The ECJ held that the country whose laws gave only minimum protection could indeed be overridden by the laws of the country that gave more enhanced protection, if the country whose laws gave such enhanced protection deemed the additional protection to be crucial: The ECJ directed the Belgian Supreme Court to examine in detail whether in the course of the implementation of the Directive, the Belgian legislature had thought it to be crucial to grant the commercial agent protection going beyond that provided for by the Directive and to take into account the nature and the objective of such mandatory provisions. If so, Belgian law would apply instead of Bulgarian law.

Comment

What is clear from the Unamar Case is that the ECJ appears to favour the application of the laws of the country, which give the agent the best protection - at least in those cases in which the agent also has its registered seat in that country.
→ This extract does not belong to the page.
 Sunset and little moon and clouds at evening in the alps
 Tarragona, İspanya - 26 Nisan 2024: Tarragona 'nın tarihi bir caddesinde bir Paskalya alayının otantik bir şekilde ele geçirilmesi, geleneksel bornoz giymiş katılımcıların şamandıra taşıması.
Before implementing or terminating an agency agreement, it is thus of the utmost importance - especially for principals - to verify what governing law might apply to an agreement it intends to conclude with an agent, notwithstanding the governing law the parties would like to (or do) agree on in the agreement. If this matter is not carefully considered, it may well be the case that an agent unhappy with the termination of its cross-jurisdictional agreement may challenge the governing law selected by the parties in order to try to achieve better protection – with often unexpected and unpleasant consequences for the principal.